Poulomi Basu’s Centralia is a complex portrayal of the protracted fight for land and resources in Central India over the course of 50 years, a civil conflict that is largely unreported in the western media.
The series draws on contemporary documentary practices to reflect the bewildering atmosphere of the region, using pictures of foreboding landscapes and festivities alongside images of locals uncovering crime scenes. Basu hopes the project will shed light on real narratives from the east, and force western viewers to see India without their cultural preconceptions.
Basu has become known for documenting women’s experiences in isolated communities and conflict zones. In 2017, her series A Ritual of Exile was shortlisted for the Tim Hetherington Trust Visionary Award, and also earned her the Magnum Emergency Fund grant in 2016. Last year, Centralia was shortlisted for the Mack First Book Award.
Can you tell me about your IPA shortlisted series Centralia?
Centralia is the tale of a fractured landscape in extremis. It’s about the shifting planes of reality: an India of the mind, a place both hyper real and metaphorical; familiar yet alien. Centralia is a passage deep into the forests of central India where a little known and under reported conflict between a Maoist guerrilla army and the Indian state slowly simmers.
How long did it take you to create this body of work?
Centralia is a project that has evolved over a number of years, since 2010. My work as a documentarian developed through a long process of immersion in the story. I have gradually come to terms with the various actors and scenarios that govern and regulate this conflict. I have also grown to understand the wider philosophical implications of this scenario, and have developed a visual and narrative strategy to communicate its nuance and complexity.
What inspired you to put this project together?
As with all my work, I am drawn to scenarios with which I have a deep personal connection. There are often parallels between the journeys that the characters in the stories take, and my own story. The Maoist movement violently erupted during the 1960s. College Street in Calcutta, where I grew up, was the epicentre of the movement, and during this time the streets surrounding my house were burning. I also discovered that my father was sympathetic to the Maoist cause. Centralia is a prism within which I can explore contemporary India through my own connection to both historical and present events.
How does this project tie into, or depart from, your previous works?
All of my work is linked through an interplay of violence, state power, and gender. Each could be seen as existing within a state of emergency, where emergency is synonymous with tragedy and violence. Centralia looks to reframe the internal narratives of the civil war in India within a wider global context. Employing a variety of narrative techniques, this work looks to shift the discourse away from Orientalist preconceptions and neocolonial cultural appropriation, to develop a new ontology of Indian experience.
My methodology is deliberately disjointed. The viewer must reconstruct several conflicting storylines and interrogate the narratives, which take the form of a dialogue between a number of characters. I wanted to find a way to actively involve the reader in the process of understanding. Such destabilising and remixing of narratives questions the neo-colonial framework within which subcontinental issues and conflicts are represented. This questioning is at the heart of my all of my work.
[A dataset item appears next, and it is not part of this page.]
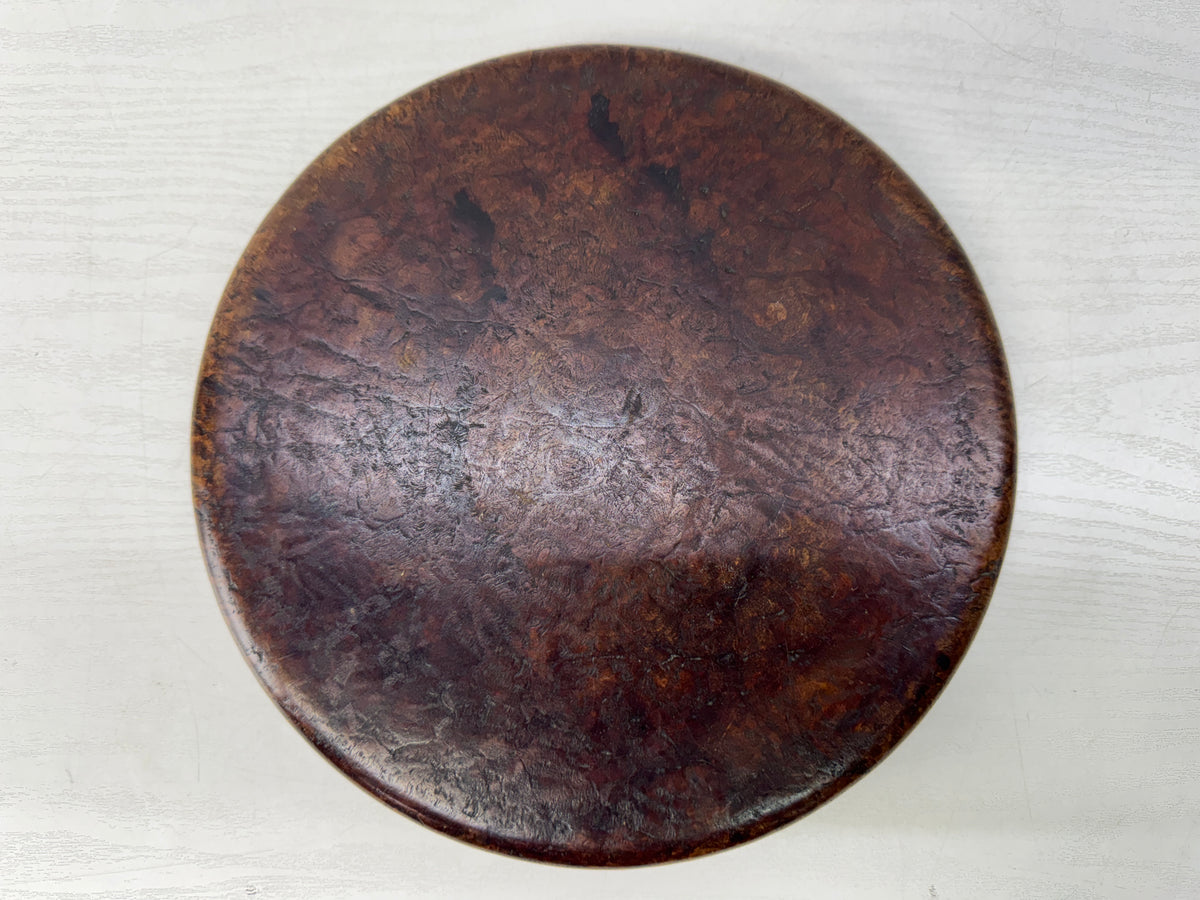 Y11230 TRAY wooden Tamamoku obon ozen round Japan antique kitchen food meal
What is your next project?
I tend to work on multilayered projects that exist in variant forms. It’s an ongoing process of reimagining; of looking at work from another perspective; it reveals hidden dimensions and your journey goes a little deeper each time. I have never felt comfortable with one linear way of working. The work has to evolve and change direction depending on what is the best way of telling the story. One way to do that is to never assume a story has an ending.
With Centralia, I am working towards a book. My other large scale project, Blood Speaks, which involves VR, AR, an installation and a book, will be premiering later this year. This is something I have been working on since 2013, so it will be very exciting to present it in its most comprehensive form.
What does it mean to be shortlisted for the International Photography Awards?
I am extremely excited to be shortlisted. The IPA is the only award that does not have limiting categories or rules, which really challenges photographers to come up with daring and visionary work.
Although my work links to a global narrative, I am still an artist from the east, and my narratives reflect this in terms of cultural specificity. Often western media institutions are only interested in recognising work that reflects their own culturally appropriated view of the east. Of course I am excited to be shortlisted, but I am more thrilled to see a narrative that deals with a more complex and nuanced view of the east being recognised by the award. For me, this feels very significant.